→ **Exercise goal**: Give the listing again exactly, omitting its images.

→ **Data excerpt**:
####################

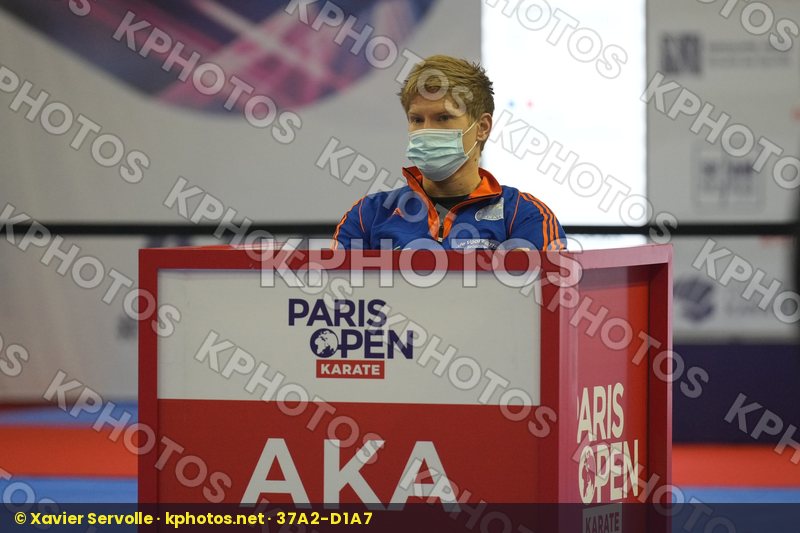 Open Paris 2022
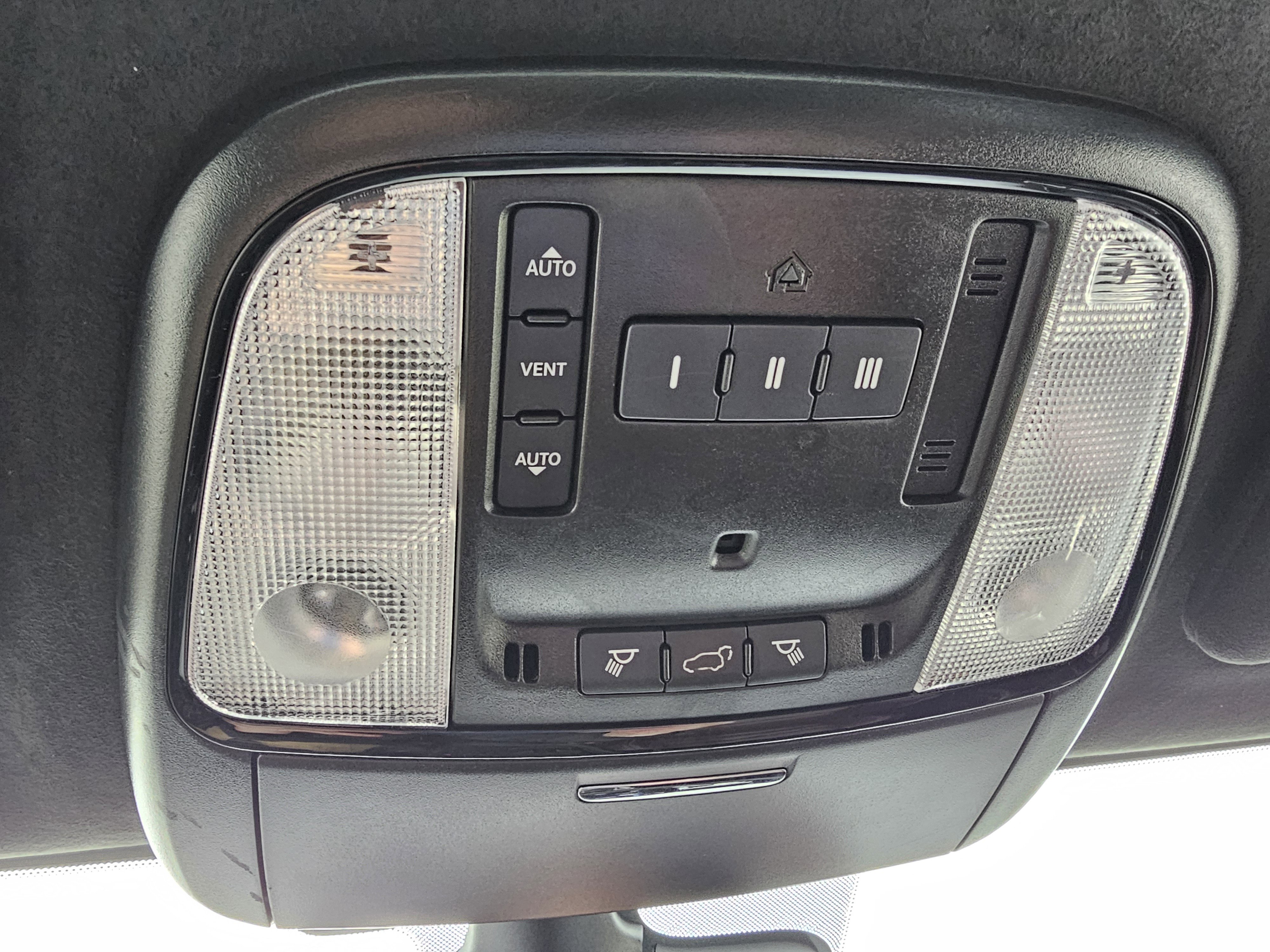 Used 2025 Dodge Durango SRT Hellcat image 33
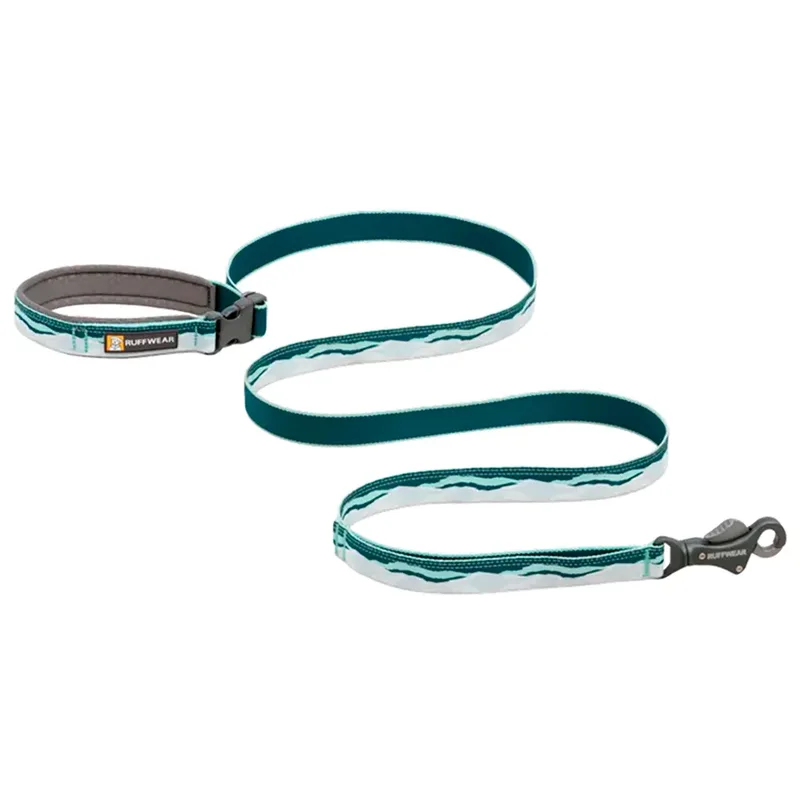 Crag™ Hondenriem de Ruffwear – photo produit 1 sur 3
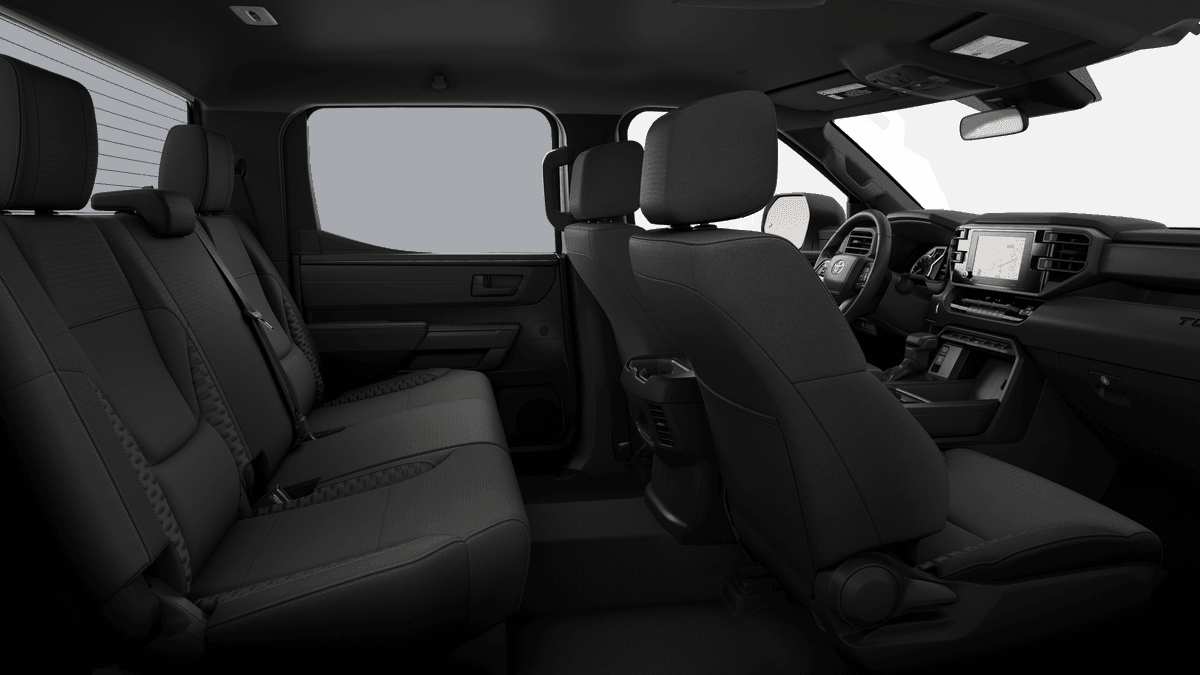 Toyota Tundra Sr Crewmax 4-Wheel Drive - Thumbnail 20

####################

→ **Answer to the problem**:
 Open Paris 2022
 Used 2025 Dodge Durango SRT Hellcat image 33
 Crag™ Hondenriem de Ruffwear – photo produit 1 sur 3
 Toyota Tundra Sr Crewmax 4-Wheel Drive - Thumbnail 20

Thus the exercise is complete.